The usual combat in an RPG is pretty abstract, basically menu selections as fighting. Select the same options repeatedly, and a number goes up. Theatrhythm Final Fantasy subtly draws attention to this abstraction by swapping the text menus for a rhythm game. Instead of selecting "fight" to damage a boss, you're hitting notes in a classic Final Fantasy theme. It's brilliant even if the metaphor isn't taken far enough in this game.
But it's not even necessary to think that deeply about Theatrhythm. The music is, as expected, sweeping and gorgeous, and the characters are absolutely adorable.
New Super Mario Bros. U
New Super Mario Bros. U was a bit of a slow burn. For the first couple of worlds, it was "this again?" The look, the level design, and especially the music present NSMBU as yet another New Super Mario Bros. game, which interested me very little after the disappointing New Super Mario Bros. 2.

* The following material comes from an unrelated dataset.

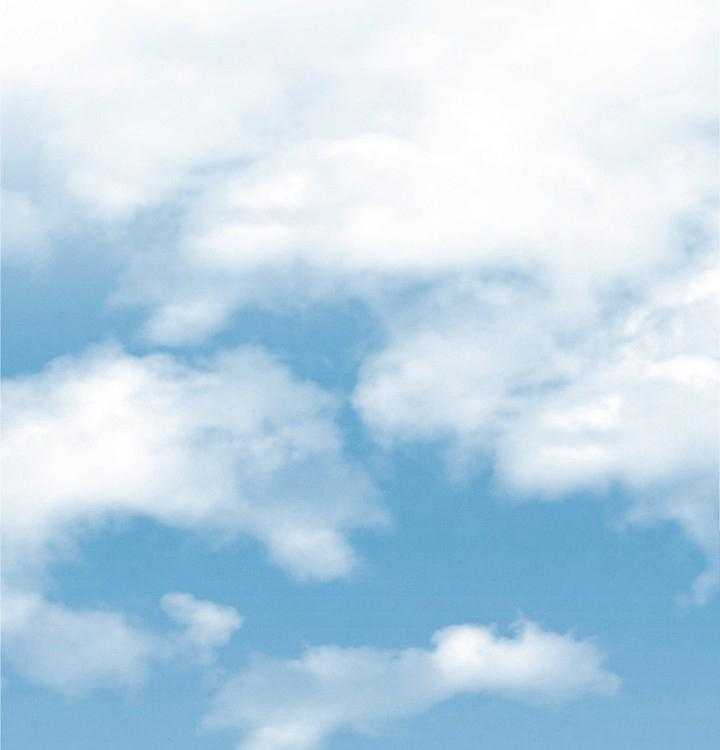 48.jpg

But as I progressed, the levels started getting more joyfully inventive. By the time I was jumping from giant beetle to giant beetle (above), I was a convert. New Super Mario Bros. U transcends its New Super Mario Bros. trappings and approaches, well, Mario.
I played the first Persona briefly when it came out on the PlayStation, but it was a bit too obtuse, and my interest in RPGs too casual, for it to make any sense. As a result, the whole series carried a Not For Me stigma, until I finally succumbed to peer pressure and checked out the Vita port of Persona 4. (So, not really a 2012 game for awards purposes, and thus not submitted for consideration.)
I am now a nascent Persona fan, eager to go back and replay everything. I have since purchased Persona 4 Arena, a fighting game, for the story.
You don't even really have to be an RPG person to have a meaningful experience with this game. In fact, the whole dungeon RPG thing, which is ostensibly the reason you do everything in the other parts of the game, feels ancillary. Living the normal life of a high schooler in a small Japanese town, getting to know your friends (nominally in order to build "Social Links" that make you more powerful in battle), joining clubs in school and taking on after-school jobs (to raise personality stats) are all more rewarding than fighting monsters.
And that's why I played on Very Easy difficulty.